Importing 2D structured cartesian mesh from multiple xdmf/hdf5 data files

I am trying to construct a 2D surface from a series of data files that each contain a portion of the structure rectangular mesh. I’d like paraview to read in each of the files and merge them into a single surface mesh. My data sets are large (TB-PB), so I’m not able to generate a new single data file containing the entire mesh/field. I’ve made an xdmf file which describes each of the data files. When I load one file, everything works. When I have ParaView load the group of xdmf files, it only displays the last file. I’m not sure what is wrong with what I’m doing. I made a Matlab script which represents what I’m trying to do (shown below).

In this sample problem, the total mesh is split between three regions with separate mesh/data files. For each region, the script creates an hdf5 domain file which stores the grid points along each axis of my mesh and an hdf5 solution file which holds the 2D field data. I’m trying to set this up in xdmf by defining a uniform grid type with 3DRectMesh topology. Since I only have the mesh nodes along each axis stored in the file(as opposed to full 2D arrays for each coordinate), I set GeometryType=“VXVYVZ” and read in the grid vectors in each direction (but have the z-direction only contain one value set to 0). Each of the three regions have a separate xdmf file associated with it and I load them as a group in paraview.

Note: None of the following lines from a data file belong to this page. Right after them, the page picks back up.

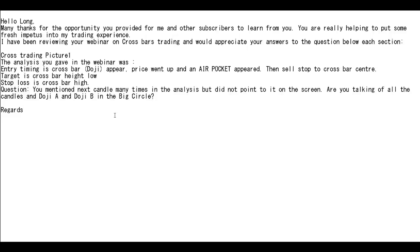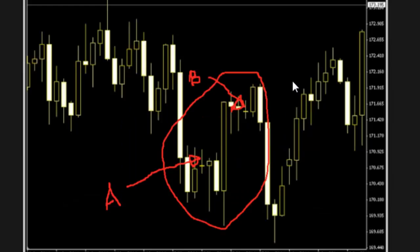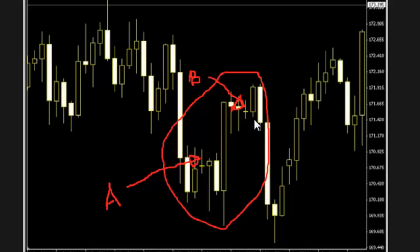Yes, I am talking about all the candles — doji A and doji B — in the big circle. Here is the picture: doji A appears and an air pocket appears, then a sell stop to doji A. When doji B appears and an air pocket appears, place a buy stop to doji B. You can then take profit.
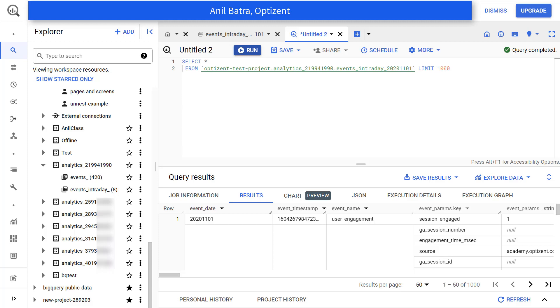When you send your GA4 data to BigQuery, you'll notice that the GA4 events table in BigQuery has two columns that are related to date and time.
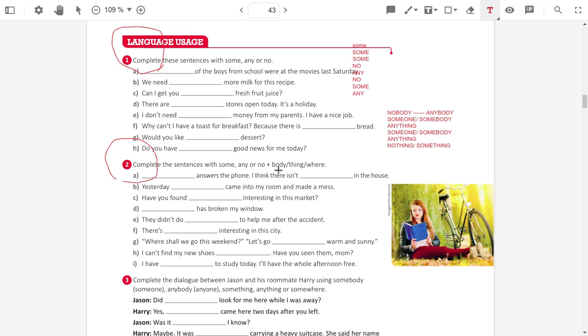Where shall we go this weekend? Let's go somewhere warm and sunny. Let's go somewhere warm and sunny.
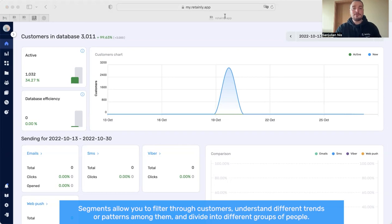Segments allow you to filter through customers, understand different trends or patterns among them and divide into different groups of people.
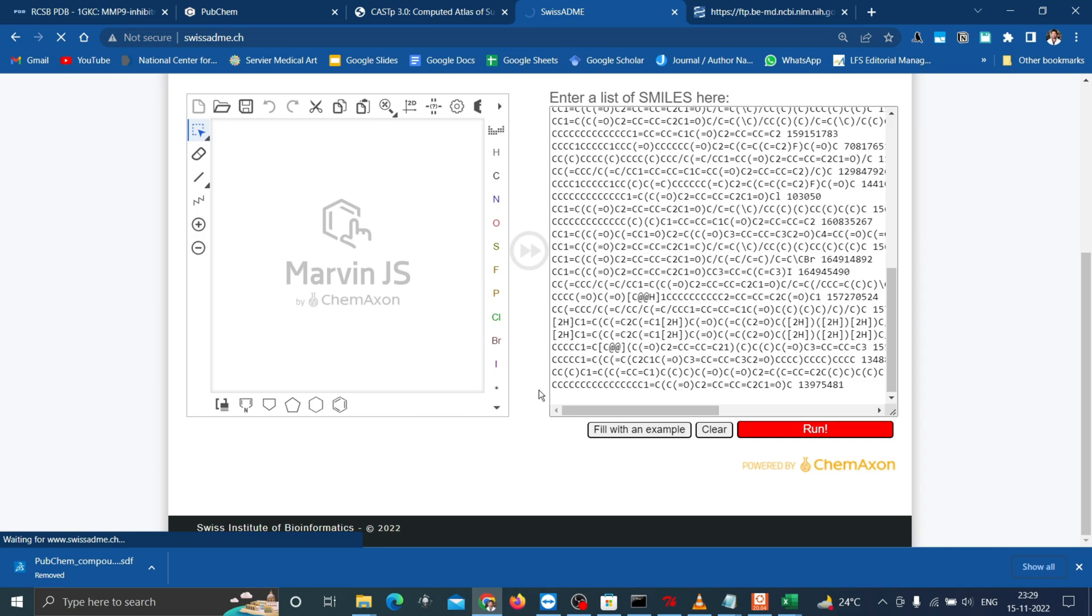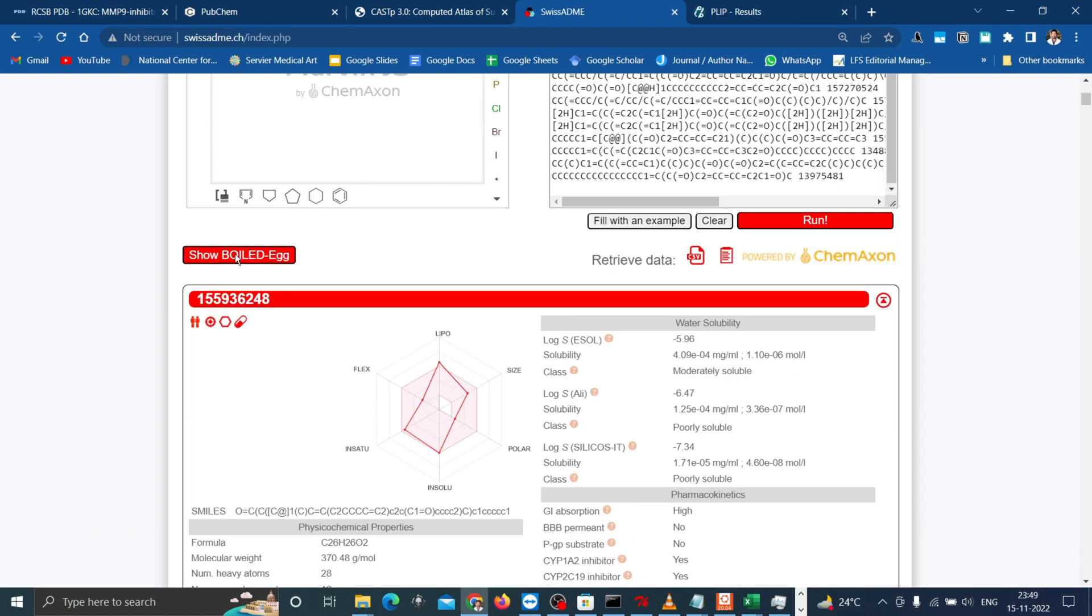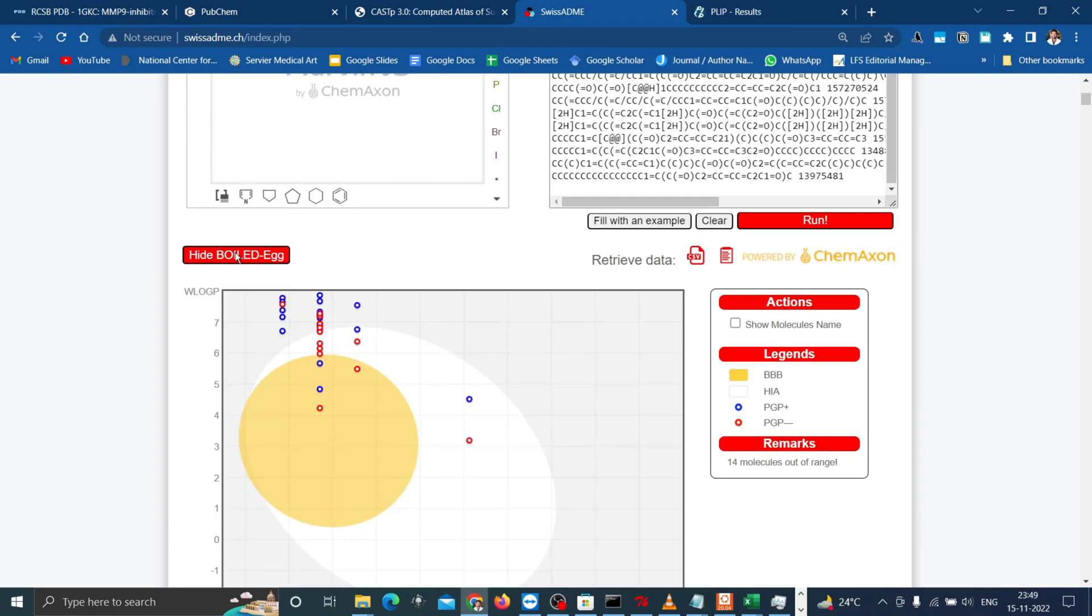This overall result is depicted as boiled egg here which directly predicts the passive diffusion through the intestinal absorption to blood-brain barrier permeation which are the main ADME behavior impacting pharmacokinetics. The points located in the white ellipse represent compounds with high probability to be passively absorbed by the gastrointestinal tract. The points in the yellow ellipse, that is the yolk, are for the compounds with high probability to permeate through the blood-brain barrier to access the CNS.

The cluster that I’m running on has ParaView 5.2 (it is the only version that the systems have installed and all I have to work with for now). When I load the three xdmf files, it only shows the data/properties corresponding to region 3(domain_3.h5 and field_data_3.h5). It is as though it overwrites the mesh each time it loads a new file rather than adding to the field. Does anyone have any suggestions on how I can get ParaView to build a single mesh from the separate data files?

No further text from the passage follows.